◆ The records
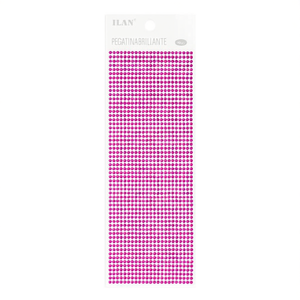 Ilan Pegatina Brillante 4mm Fuchsia 468 piezas Tarjeta Grande Pegatinas Decorativas - Product Image 1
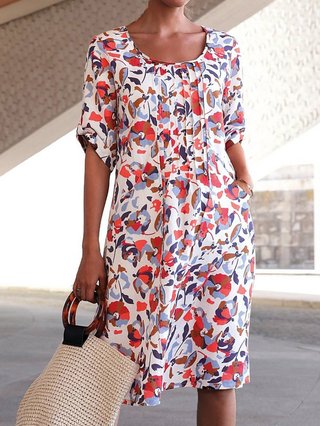 mid length floral dress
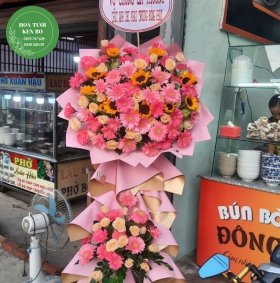 Hoa chúc mừng Khai trương mẫu 24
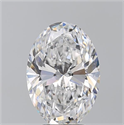 Natural Diamond 4.01 Carats, Oval with  Cut, D Color, VS1 Clarity and Certified by GIA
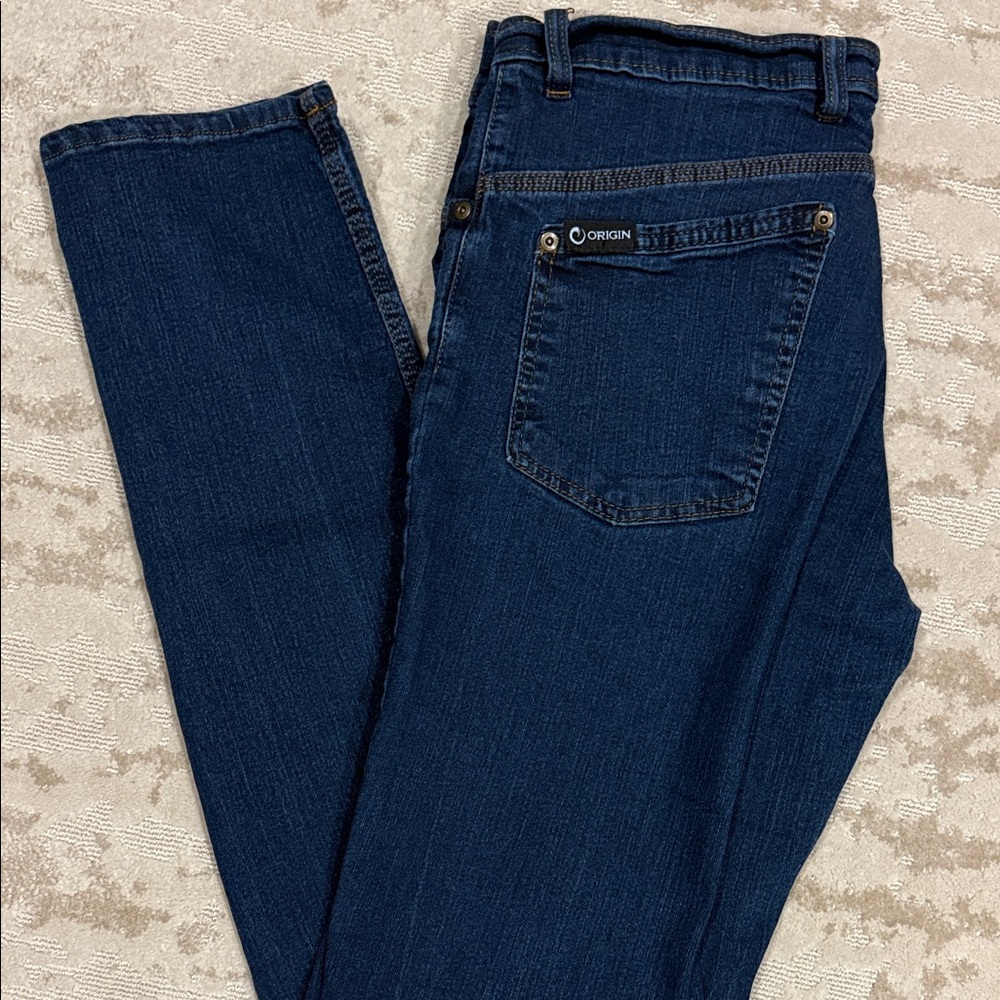 Original made in USA 34/34 slim denim with stretch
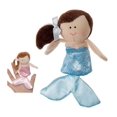 thumbnail image 1 of Brown Haired Mermaid With Light Blue Dress Finger Puppet - By Ganz, 1 of 1
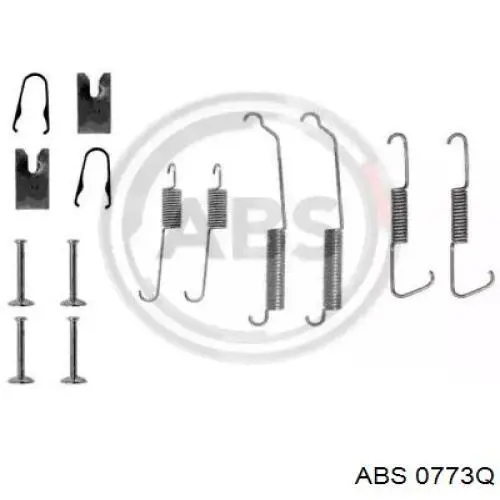 Ремкомплект тормозных колодок 0773Q ABS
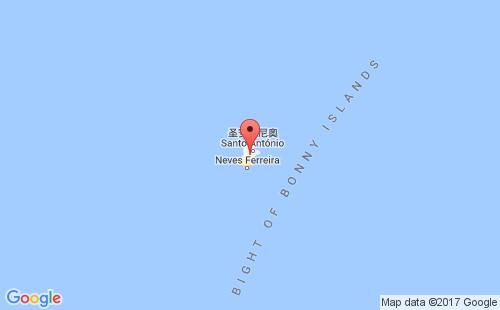 普林西比岛港口地图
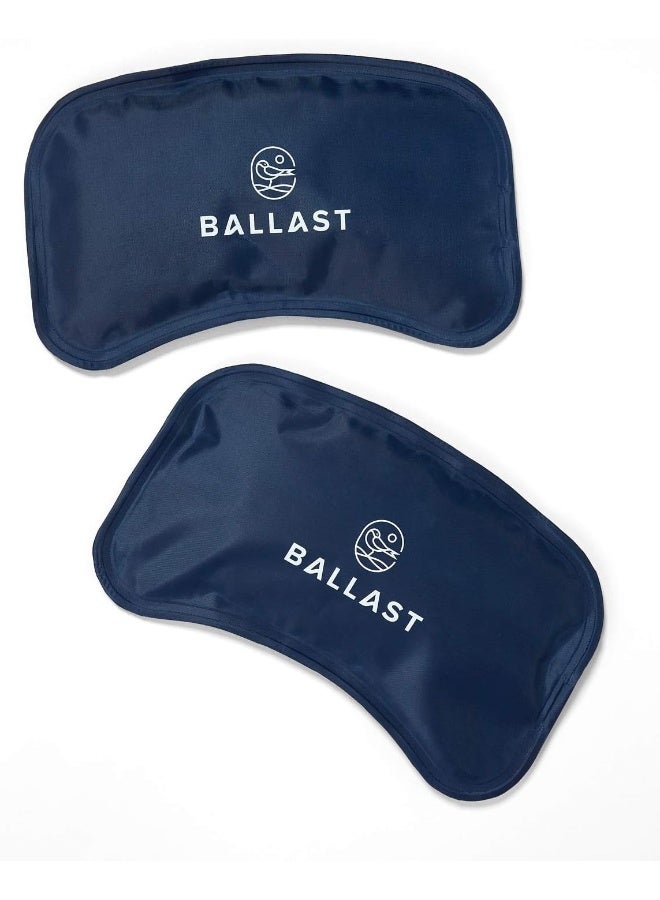 Ballast Cooling Gel Pack (2-Pack) - Cooling Pack Accessory, Beach Pillow Accessory - Cool Down On A Hot Day - Image 1
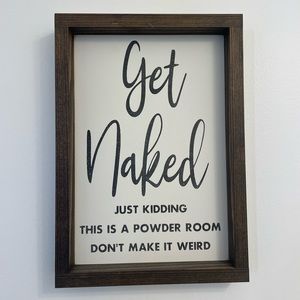 Powder Room Bathroom Sign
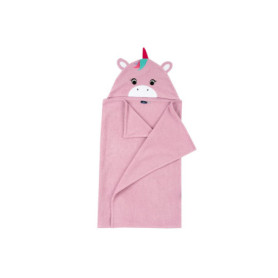 Peignoir à Capuche Licorne en Éponge pour Fille - Chicco, Rose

◆ Exercise goal
Nothing but the records, restated word for word and stripped of images, belongs in the answer.

◆ Result below
 Ilan Pegatina Brillante 4mm Fuchsia 468 piezas Tarjeta Grande Pegatinas Decorativas - Product Image 1
 mid length floral dress
 Hoa chúc mừng Khai trương mẫu 24
 Natural Diamond 4.01 Carats, Oval with  Cut, D Color, VS1 Clarity and Certified by GIA
 Original made in USA 34/34 slim denim with stretch
 thumbnail image 1 of Brown Haired Mermaid With Light Blue Dress Finger Puppet - By Ganz, 1 of 1
 Ремкомплект тормозных колодок 0773Q ABS
 普林西比岛港口地图
 Ballast Cooling Gel Pack (2-Pack) - Cooling Pack Accessory, Beach Pillow Accessory - Cool Down On A Hot Day - Image 1
 Powder Room Bathroom Sign
 Peignoir à Capuche Licorne en Éponge pour Fille - Chicco, Rose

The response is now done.